For starters, Sony is changing how the PS5 will handle storage. The new solid-state drive will not only make games boot up faster and reduce loading times, but it will come with a new way of handling games installation. Users will be able to install just a game’s multiplayer or single-player campaign instead of installing the whole game.

“Rather than treating games like a big block of data,” system architect Mark Cerny told Wired, “we’re allowing finer-grained access to the data.”

Cerny also said that ray-tracing will be supported at the hardware, not software level. “There is ray-tracing acceleration in the GPU hardware,” he said.

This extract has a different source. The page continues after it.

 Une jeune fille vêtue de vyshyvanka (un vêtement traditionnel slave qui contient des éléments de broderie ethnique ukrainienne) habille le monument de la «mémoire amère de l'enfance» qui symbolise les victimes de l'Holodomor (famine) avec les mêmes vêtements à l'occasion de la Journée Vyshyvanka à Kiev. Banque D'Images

Additionally, he confirmed that the PS5 will, indeed, sport a 4K Ultra HD Blu-ray deck. And while he fell short of admitting that the next DualShock controller will support voice control (as suggested by a filed patent), he did admit that it will add “adaptive triggers” featuring with increased tension depending on the game played. There will also be haptic feedback and an improved speaker on the pad.

Sony also confirmed that PS5 dev kits are in the hands of developers who are working on new games for the console’s release.

Back in September, the PlayStation maker said the new console will be “greener.” If one million users make use of the PS5’s energy-saving feature, Sony said, that would save the equivalent of the average electricity use of 1,000 US homes.